Your Controversial EMS-Related Opinion

The current tiered system is totally backwards. Sending someone with apx 120 hours of training to see if someone needs an actual assessment from a provider with formal education is backwards. You don’t know what you don’t know.
This is the justification for the LA/OC model. ALS first response with BLS transport that a medic can jump on if necessary. So while I agree in principle with you, that has been completely *******ized into what we have in SoCal today.
 
Additional education (AEMT and Paramedic) should be required for all paid providers after a set period of time.

EMT-Basic > 1 year > EMT-Advanced > 1 year > Paramedic
 
When I mean employees, I mean the CEOs and those high level jobs, not the ones doing the real work.
 
When I mean employees, I mean the CEOs and those high level jobs, not the ones doing the real work.
Would you know all of the logistics and logistical challenges that go into the specifics of even a mundane renal-rodeo IFT? I don’t, I just transport.

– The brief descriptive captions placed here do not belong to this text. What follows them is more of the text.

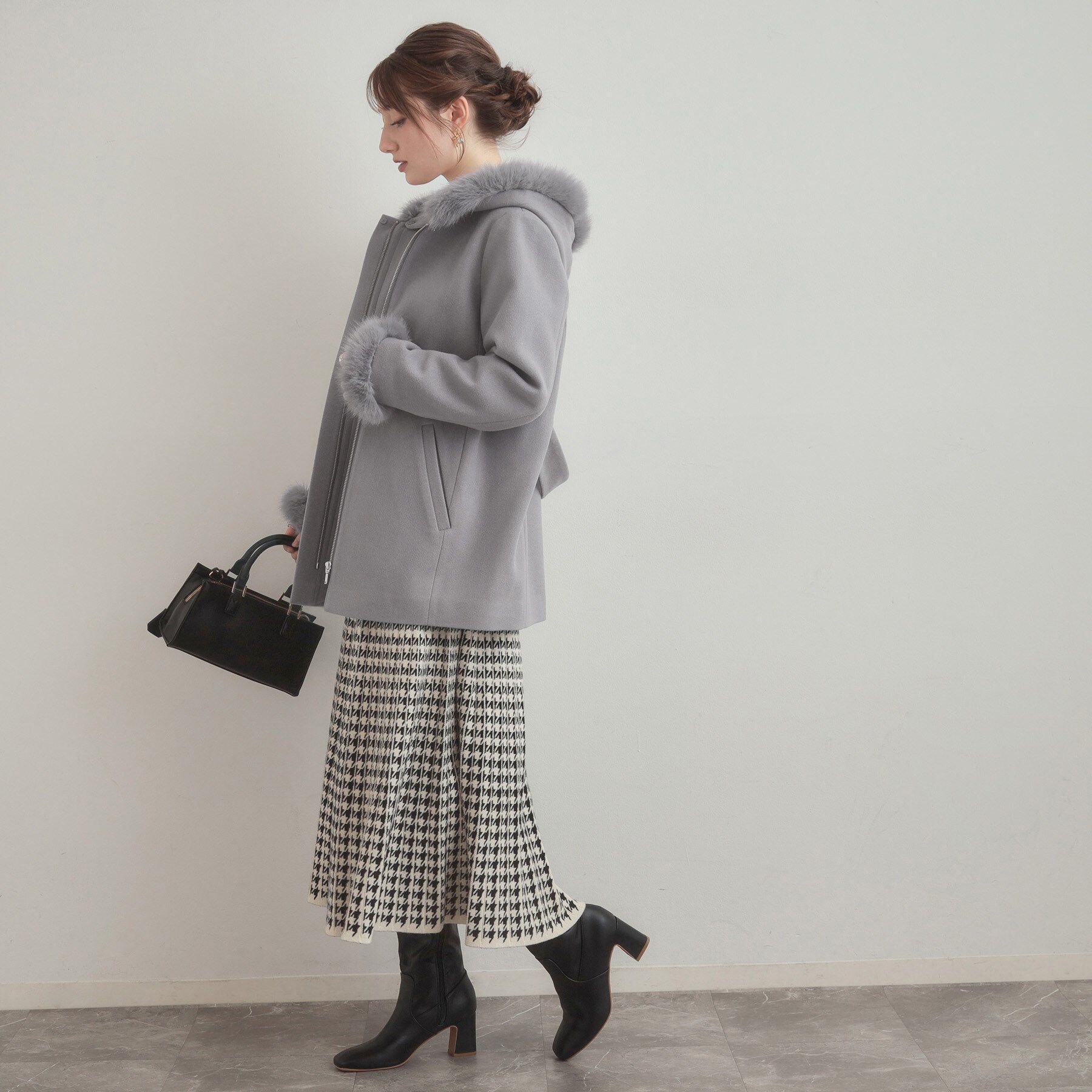 Couture broach「【大人可愛い・フード取り外し可能】フードフェイクファー ハーフ丈コート」|その他|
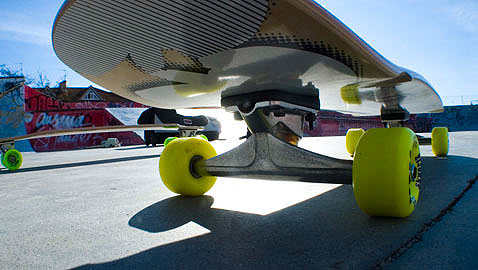 40sk8-lachicadelacurva_scissors1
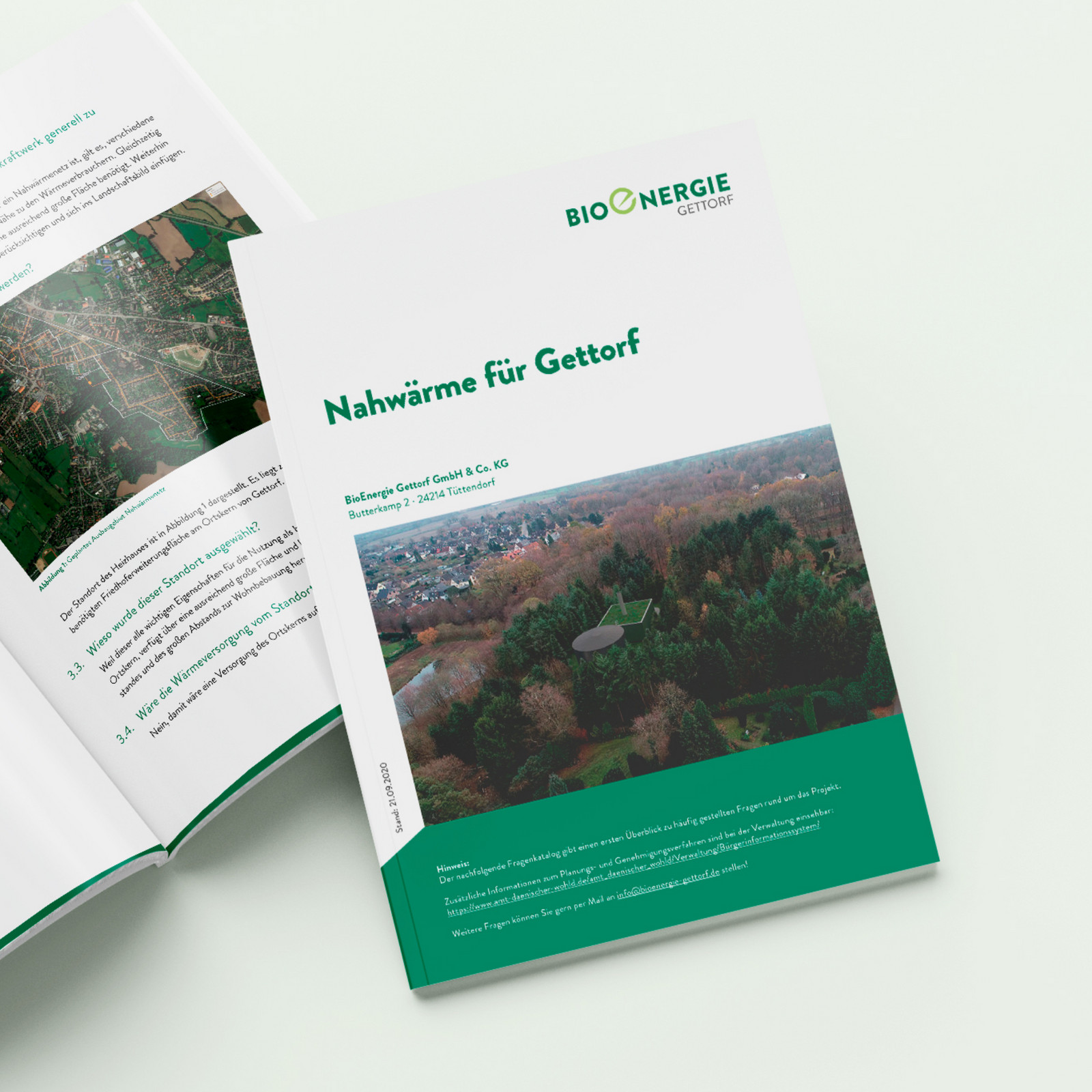hochzwei_agrar_teaser_04.jpg Titelseite und aufgeschlagene Broschüre mit dem Titel Nahwärme für Gettorf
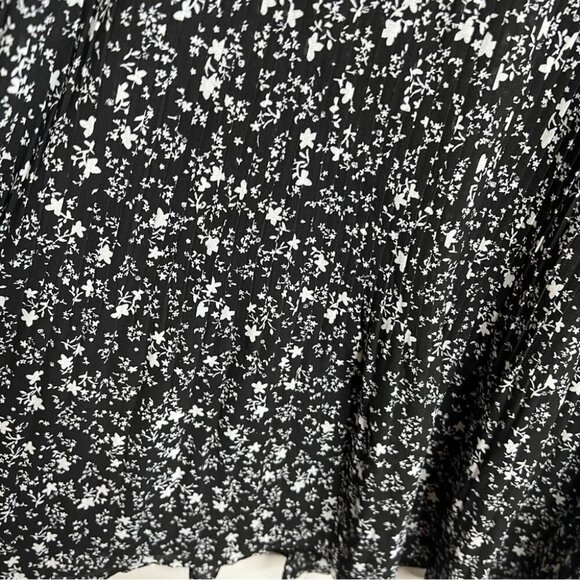 Zara Womens Size Large Black Ditsy Floral Print Long Sleeve Pleated Mini Dress - Picture 4 of 9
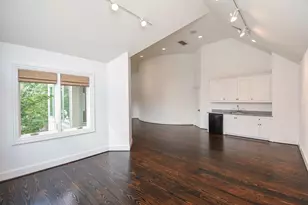 15710 Creekbend Dr, Sugar Land, TX 77478 - Photo 32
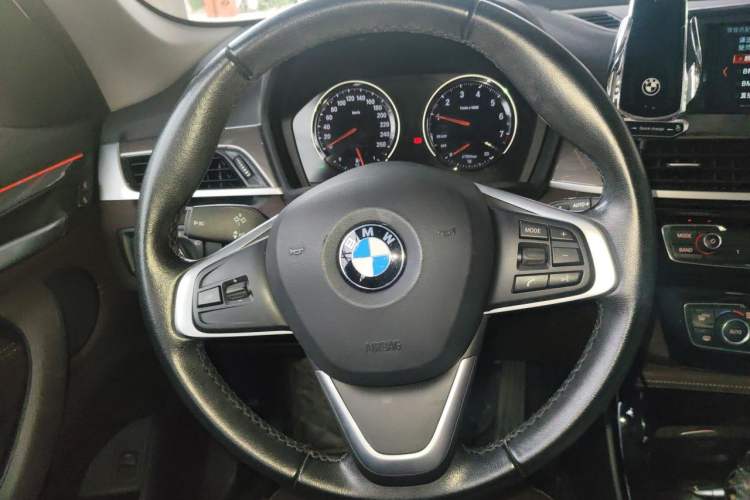 Used BMW X1 2019 sDrive18Li Premium Edition Steering Wheel
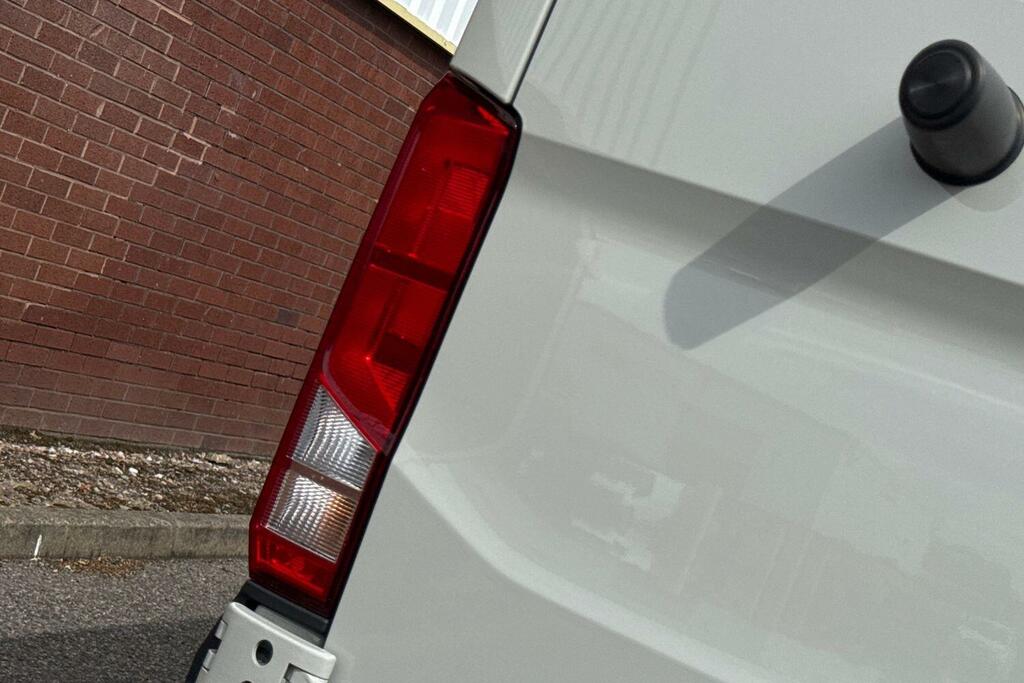 Volkswagen Crafter Cr35 Panel Van Commerce Plus Xlwb 177 Ps 2.0 Tdi 6 White #32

Why shouldn’t those jobs exist? Please expound and your somewhat shortsighted comment.
 
Putting profit over everything else is wrong, when you only care about the bottom line, you put everyone at risk.
 
Putting profit over everything else is wrong, when you only care about the bottom line, you put everyone at risk.
Your first mistake is believing this is limited to private EMS. I assure you, nobody is in the business of EMS to lose money. Not privates, not third service, not municipal fire, nobody.

If there is profit to be made, everyone is trying. When you're older, you'll understand.
 
Needle Decomp is a BLS skill.

This is interesting - do you think risk/reward makes it so? I guess the view I have been told is that it is infrequently used enough and too risky for an EMT to perform. That said, less trained folks (that is, in terms of hours of EMS-type training) do perform it in, say, the military, right?
 
When I mean employees, I mean the CEOs and those high level jobs, not the ones doing the real work.

You don’t think administering a large business or organization is real work? Tell that to the chief of the police department or the head of an oil company or a hospital administrator. Somebody has to hire staff, make budgets, buy equipment…to do it right is hard and that means it is going to cost a bunch, likely more than the rank and file will be paid.
 
This is interesting - do you think risk/reward makes it so? I guess the view I have been told is that it is infrequently used enough and too risky for an EMT to perform. That said, less trained folks (that is, in terms of hours of EMS-type training) do perform it in, say, the military, right?
It’s a monkey skill. It’s part of CLS/TCCC taught to 18 year old troops. I teach it in TECC. The reward is well worth the (minimal) risk.
 
It’s a monkey skill. It’s part of CLS/TCCC taught to 18 year old troops. I teach it in TECC. The reward is well worth the (minimal) risk.

Makes sense. It was covered in TECC when I took it, but I would not want to be doing the skill unless refreshed on it/skill validated biannually (like any other), particularly because it wasn’t taught in my initial training to the degree I feel fully competent.
 
Makes sense. It was covered in TECC when I took it, but I would not want to be doing the skill unless refreshed on it/skill validated biannually (like any other), particularly because it wasn’t taught in my initial training to the degree I feel fully competent.
Agreed. I ensure repeated skills testing for my students throughout the year as part of my training programs.
 
Fire based versus hospital based versus government third service based is the red herring and almost entirely irrelevant to the care delivered.

The only thing that actually matters is the value the agency places on initial/ongoing training, quality improvement, and ensuring competency of their providers.
 
Needle decomp is life saving when needed, but it is also invasive and not without serious complications, and the biggest single failure point is employing it when it is not indicated which automatically adds potential for complication. For that reason alone in a non-combat environment, I can see the argument for keeping it above the EMT level, even though the actual skill is less complex and less difficult than other things that EMTs do. But it should be in the hands of AEMT at least.